The span to repeat in the listing below runs from the line containing "मुख्यमंत्री ने राजस्थान" to the line containing "rice and noodles", inclusive. Repeat it exactly, and only it.

··········

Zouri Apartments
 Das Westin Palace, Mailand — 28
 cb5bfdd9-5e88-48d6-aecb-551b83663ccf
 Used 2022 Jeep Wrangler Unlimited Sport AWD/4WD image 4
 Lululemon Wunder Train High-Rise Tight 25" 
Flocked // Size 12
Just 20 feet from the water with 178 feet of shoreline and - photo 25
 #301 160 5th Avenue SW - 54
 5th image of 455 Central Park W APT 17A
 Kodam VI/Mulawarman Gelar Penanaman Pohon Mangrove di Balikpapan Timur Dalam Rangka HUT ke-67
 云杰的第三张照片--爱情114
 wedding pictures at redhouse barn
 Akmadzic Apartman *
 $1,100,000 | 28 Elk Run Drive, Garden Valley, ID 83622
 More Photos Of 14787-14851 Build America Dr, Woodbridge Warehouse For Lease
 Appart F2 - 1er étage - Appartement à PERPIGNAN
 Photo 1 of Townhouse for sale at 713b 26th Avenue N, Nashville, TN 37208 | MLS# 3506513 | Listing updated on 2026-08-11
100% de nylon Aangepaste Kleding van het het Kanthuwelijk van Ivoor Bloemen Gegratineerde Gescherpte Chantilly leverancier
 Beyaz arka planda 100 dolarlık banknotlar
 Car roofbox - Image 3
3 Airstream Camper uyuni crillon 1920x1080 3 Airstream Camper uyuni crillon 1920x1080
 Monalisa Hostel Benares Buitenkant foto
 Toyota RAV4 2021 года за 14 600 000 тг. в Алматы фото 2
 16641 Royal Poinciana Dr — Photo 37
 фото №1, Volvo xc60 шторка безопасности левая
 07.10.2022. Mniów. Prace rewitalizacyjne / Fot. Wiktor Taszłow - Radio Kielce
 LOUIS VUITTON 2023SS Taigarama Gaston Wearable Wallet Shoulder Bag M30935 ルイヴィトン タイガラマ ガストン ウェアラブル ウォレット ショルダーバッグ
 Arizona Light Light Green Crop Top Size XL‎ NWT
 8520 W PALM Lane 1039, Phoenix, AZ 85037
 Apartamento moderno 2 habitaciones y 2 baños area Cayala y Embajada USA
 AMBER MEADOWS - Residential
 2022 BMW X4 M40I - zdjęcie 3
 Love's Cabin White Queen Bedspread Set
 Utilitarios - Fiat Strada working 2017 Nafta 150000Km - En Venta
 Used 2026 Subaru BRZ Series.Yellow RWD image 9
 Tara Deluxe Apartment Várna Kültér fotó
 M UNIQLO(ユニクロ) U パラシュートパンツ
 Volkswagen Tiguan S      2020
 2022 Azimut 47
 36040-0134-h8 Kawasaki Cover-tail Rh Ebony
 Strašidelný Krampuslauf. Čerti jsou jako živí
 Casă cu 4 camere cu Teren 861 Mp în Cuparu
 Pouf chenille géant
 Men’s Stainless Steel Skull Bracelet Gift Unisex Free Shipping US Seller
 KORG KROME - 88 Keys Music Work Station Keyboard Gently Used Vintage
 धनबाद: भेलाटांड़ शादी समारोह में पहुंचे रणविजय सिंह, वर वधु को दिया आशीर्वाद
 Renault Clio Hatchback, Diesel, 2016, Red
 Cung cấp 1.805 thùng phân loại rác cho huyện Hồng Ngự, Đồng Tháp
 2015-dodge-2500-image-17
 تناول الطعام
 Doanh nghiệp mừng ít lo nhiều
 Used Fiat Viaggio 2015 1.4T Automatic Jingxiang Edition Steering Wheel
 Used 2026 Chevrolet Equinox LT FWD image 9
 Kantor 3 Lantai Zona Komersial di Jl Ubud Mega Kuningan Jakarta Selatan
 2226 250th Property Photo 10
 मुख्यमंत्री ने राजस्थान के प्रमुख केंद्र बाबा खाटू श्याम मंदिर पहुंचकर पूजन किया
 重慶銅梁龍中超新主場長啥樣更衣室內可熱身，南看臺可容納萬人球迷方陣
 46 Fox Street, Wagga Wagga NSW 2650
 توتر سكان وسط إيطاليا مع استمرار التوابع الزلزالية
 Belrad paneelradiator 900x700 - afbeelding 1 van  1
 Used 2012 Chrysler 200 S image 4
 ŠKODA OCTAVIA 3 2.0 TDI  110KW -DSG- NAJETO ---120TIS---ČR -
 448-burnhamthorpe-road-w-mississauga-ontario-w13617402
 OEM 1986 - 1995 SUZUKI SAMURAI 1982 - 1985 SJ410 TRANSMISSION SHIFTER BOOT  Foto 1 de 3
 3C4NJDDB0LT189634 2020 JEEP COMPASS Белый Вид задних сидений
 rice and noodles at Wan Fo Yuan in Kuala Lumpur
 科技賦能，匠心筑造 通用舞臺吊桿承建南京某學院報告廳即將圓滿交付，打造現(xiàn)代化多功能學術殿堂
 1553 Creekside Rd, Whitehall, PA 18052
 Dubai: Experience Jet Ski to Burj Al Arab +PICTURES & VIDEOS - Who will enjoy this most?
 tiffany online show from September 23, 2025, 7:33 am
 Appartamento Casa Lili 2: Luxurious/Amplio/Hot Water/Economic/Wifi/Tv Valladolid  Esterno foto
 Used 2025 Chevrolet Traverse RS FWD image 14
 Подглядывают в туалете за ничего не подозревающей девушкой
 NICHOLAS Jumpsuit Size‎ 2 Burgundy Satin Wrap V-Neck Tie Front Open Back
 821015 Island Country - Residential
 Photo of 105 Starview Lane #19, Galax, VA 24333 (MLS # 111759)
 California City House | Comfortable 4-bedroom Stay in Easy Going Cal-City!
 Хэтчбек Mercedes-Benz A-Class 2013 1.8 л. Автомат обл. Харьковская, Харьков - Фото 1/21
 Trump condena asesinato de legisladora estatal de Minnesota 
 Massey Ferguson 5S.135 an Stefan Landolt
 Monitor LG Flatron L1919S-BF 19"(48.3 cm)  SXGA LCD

··········

## Result
 मुख्यमंत्री ने राजस्थान के प्रमुख केंद्र बाबा खाटू श्याम मंदिर पहुंचकर पूजन किया
 重慶銅梁龍中超新主場長啥樣更衣室內可熱身，南看臺可容納萬人球迷方陣
 46 Fox Street, Wagga Wagga NSW 2650
 توتر سكان وسط إيطاليا مع استمرار التوابع الزلزالية
 Belrad paneelradiator 900x700 - afbeelding 1 van  1
 Used 2012 Chrysler 200 S image 4
 ŠKODA OCTAVIA 3 2.0 TDI  110KW -DSG- NAJETO ---120TIS---ČR -
 448-burnhamthorpe-road-w-mississauga-ontario-w13617402
 OEM 1986 - 1995 SUZUKI SAMURAI 1982 - 1985 SJ410 TRANSMISSION SHIFTER BOOT  Foto 1 de 3
 3C4NJDDB0LT189634 2020 JEEP COMPASS Белый Вид задних сидений
 rice and noodles at Wan Fo Yuan in Kuala Lumpur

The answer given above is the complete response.